Tasikmalaya – Ruangatas.com | Pertemuan malam kemarin membuka khazanah baru bagi saya tentang gerakan literasi. Ternyata, banyak pembaca yang selama ini menyembunyikan identitasnya di tengah masyarakat. Mereka bersembunyi di ruang-ruang sunyi, menimbun pertanyaan dan gagasan karena minimnya ruang publik yang mampu menampung ide-ide mereka.

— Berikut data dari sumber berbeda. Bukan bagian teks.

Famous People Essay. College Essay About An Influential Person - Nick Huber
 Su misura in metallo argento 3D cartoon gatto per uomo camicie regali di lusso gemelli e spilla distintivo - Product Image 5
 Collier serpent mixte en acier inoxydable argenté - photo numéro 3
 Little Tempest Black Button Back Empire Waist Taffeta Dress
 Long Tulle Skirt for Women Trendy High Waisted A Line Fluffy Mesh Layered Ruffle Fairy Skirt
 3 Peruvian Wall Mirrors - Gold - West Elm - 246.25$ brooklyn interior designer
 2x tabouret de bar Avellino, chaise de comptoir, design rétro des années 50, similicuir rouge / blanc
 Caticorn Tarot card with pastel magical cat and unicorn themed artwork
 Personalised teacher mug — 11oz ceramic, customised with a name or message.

Berawal dari Deni, seorang apoteker, yang memulai kisahnya. Ketertarikannya pada buku yang dibawakan oleh kekasihnya—sebuah karya yang membahas manusia dari sudut pandang psikologi—menumbuhkan pertanyaan tentang dirinya sendiri. Dari sana, ia mulai menyelami buku-buku lebih dalam. Melalui kacamatanya, dunia ternyata tidak sesempit yang selama ini ia bayangkan.
Dari arah lain, Farid, seorang marketer, menambahkan bahwa sebuah buku tentang pemasaran mengubah sudut pandangnya secara mendasar. Ia menyadari bahwa penjualan bukanlah tentang pemaksaan, melainkan tentang penciptaan nilai.
Pendapat-pendapat inilah yang menurut saya sangat berharga—buah dari makhluk unik yang disebut pembaca.
Kemudian datang Dwi, seorang penulis, yang menuturkan bahwa merawat budaya membaca bukan perkara mudah. Dibutuhkan dedikasi yang kuat serta ruang-ruang yang lebih terbuka dan suportif.
Pernyataan itu diamini oleh Ratna, seorang perupa; Irlan, musisi muda; Ilham, pemilik tempat kami berkumpul; bahkan Kang Deri, seorang pengembara hukum yang memiliki pandangan mendalam tentang keadilan.
Diskusi pun memantik Raka, mahasiswa ilmu politik, yang memperluas pembicaraan ke ranah nilai-nilai terdalam umat manusia.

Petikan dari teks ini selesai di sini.